Could you transcribe the entries below exactly, without any of the pictures?

[Scraped caption text data]
================

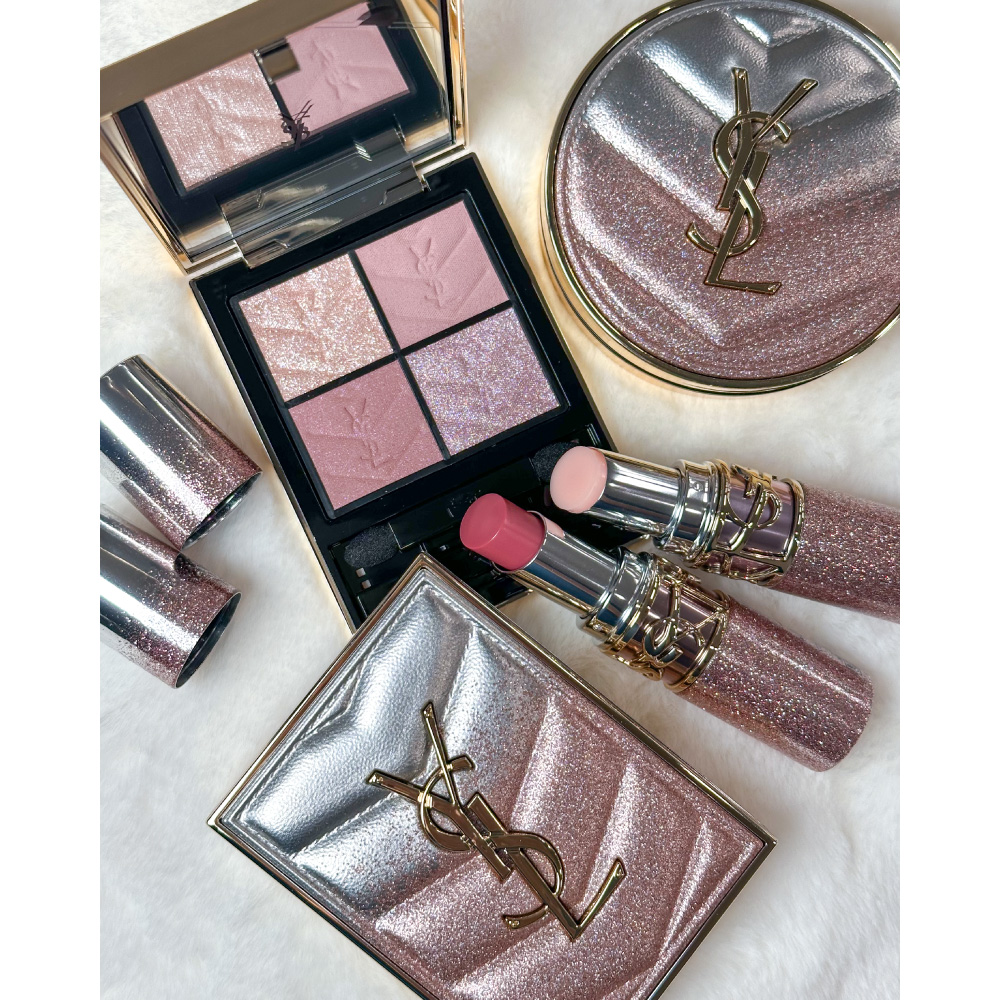 YSLの春コスメ2026】きらめく“愛”に溢れた新作コレクション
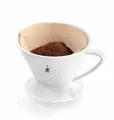 Produktbild: Porzellan Kaffeefilter SANDRO 101 Dauerfilter Filter Kaffee Kaffeefilterhalter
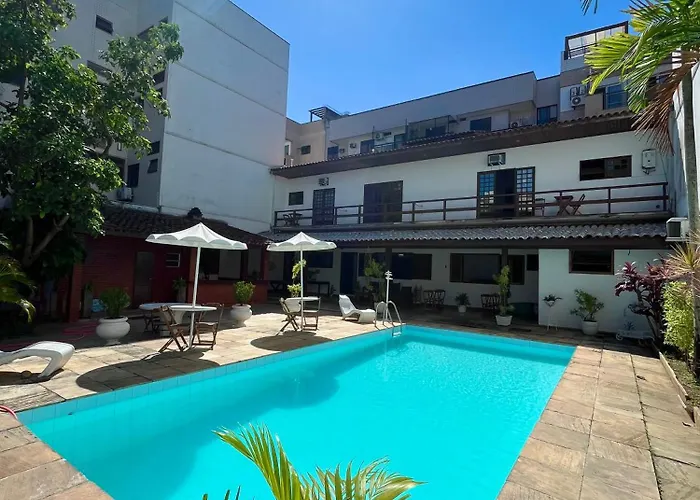 Rio Way-Beach House Rio de Janeiro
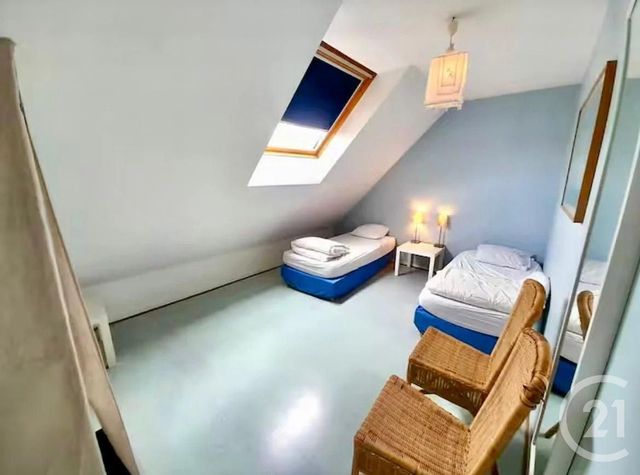 maison à vendre - 3 pièces - 50.0 m2 - AGON COUTAINVILLE - 50 - BASSE-NORMANDIE - Century 21 Royer Immo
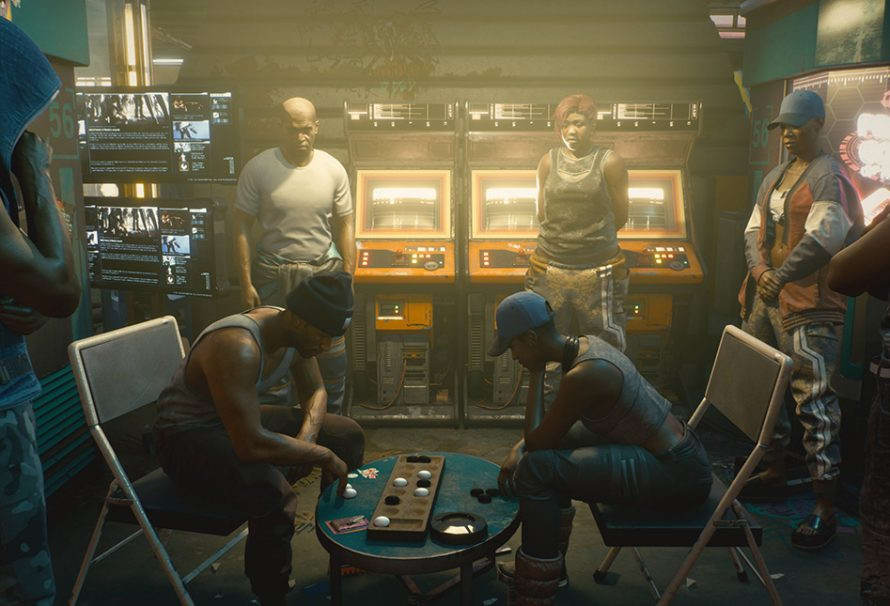 Часть озвучки Cyberpunk 2077 будет добавлена в игру с патчем первого дня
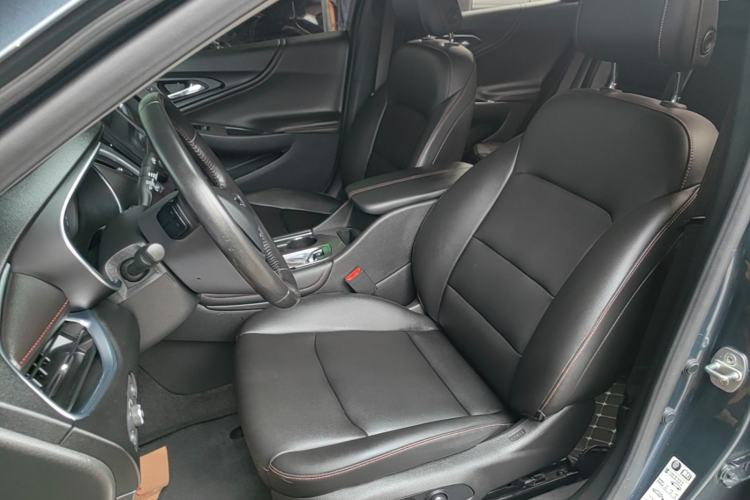 Used Chevrolet Malibu XL 2021 Redline 550T Automatic RuiLian Edition Left Front Seat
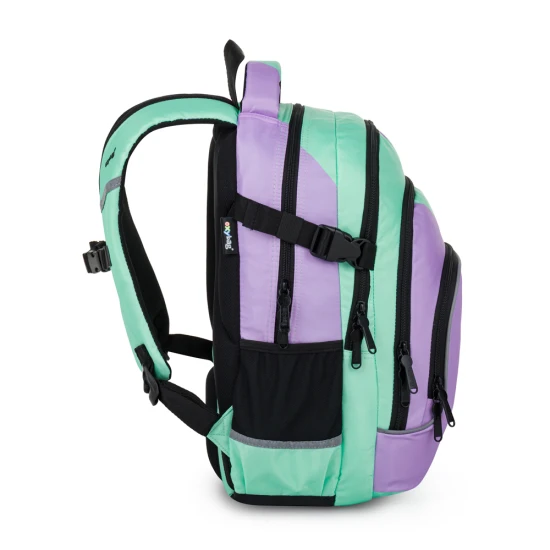 Študentský batoh OXY SCOOLER Trio Girl – Oxybag 6-74226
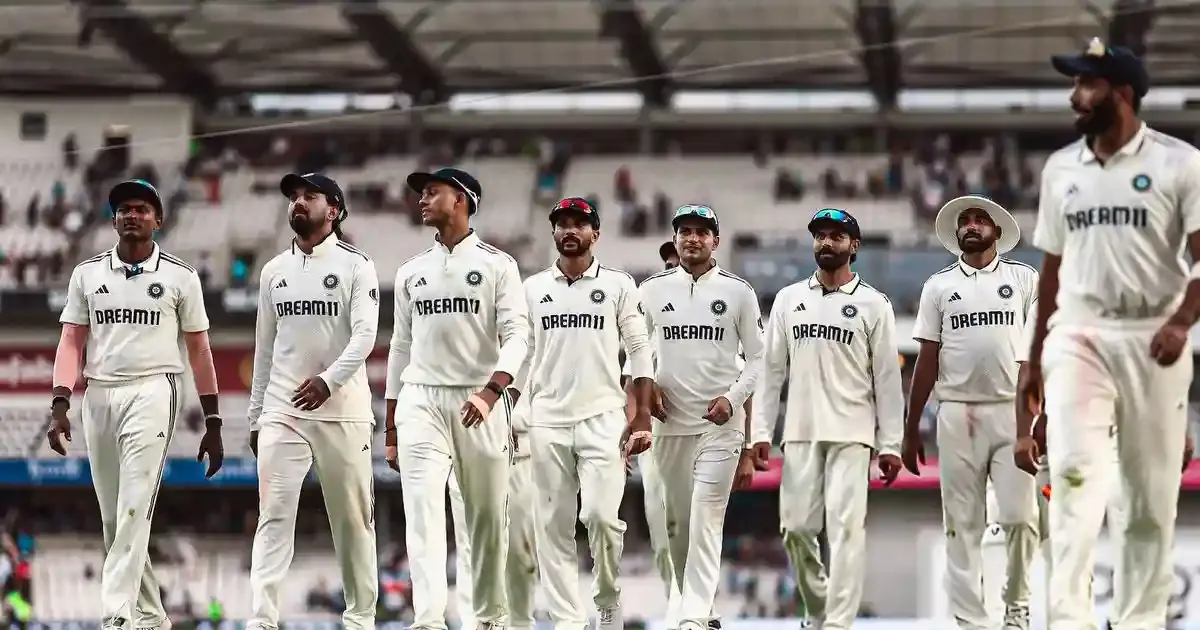 Credit: BCCI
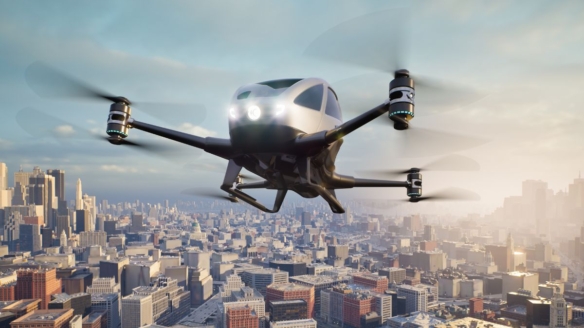 NATS appoints new director to drive commercial business for new airspace users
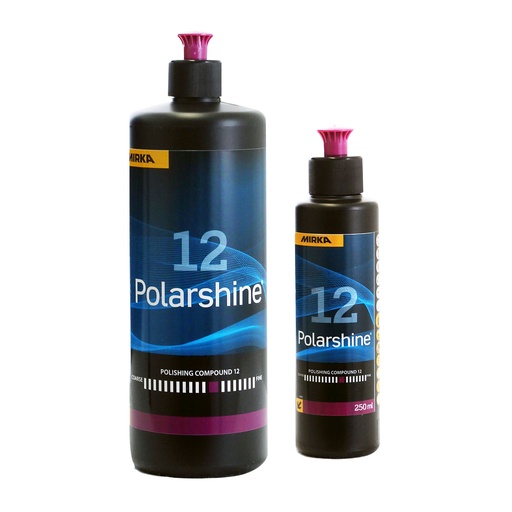 [7991202511] Polarshine 12 Polishing Compound - 250ml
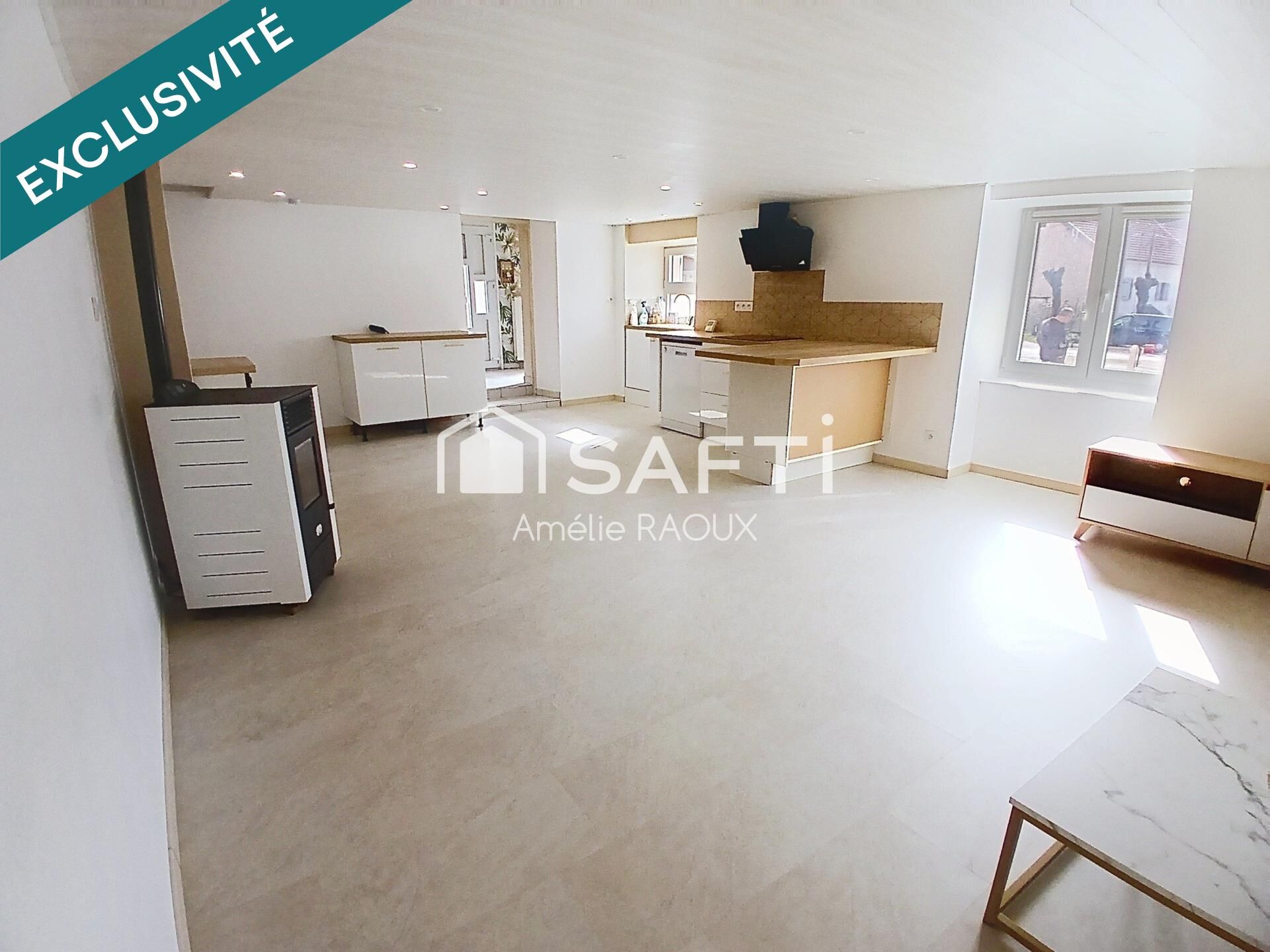 Agence immobilière de SAFTI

================

* _RESULT FOR THIS TASK_
 YSLの春コスメ2026】きらめく“愛”に溢れた新作コレクション
 Produktbild: Porzellan Kaffeefilter SANDRO 101 Dauerfilter Filter Kaffee Kaffeefilterhalter
 Rio Way-Beach House Rio de Janeiro
 maison à vendre - 3 pièces - 50.0 m2 - AGON COUTAINVILLE - 50 - BASSE-NORMANDIE - Century 21 Royer Immo
 Часть озвучки Cyberpunk 2077 будет добавлена в игру с патчем первого дня
 Used Chevrolet Malibu XL 2021 Redline 550T Automatic RuiLian Edition Left Front Seat
 Študentský batoh OXY SCOOLER Trio Girl – Oxybag 6-74226
 Credit: BCCI
 NATS appoints new director to drive commercial business for new airspace users
 [7991202511] Polarshine 12 Polishing Compound - 250ml
 Agence immobilière de SAFTI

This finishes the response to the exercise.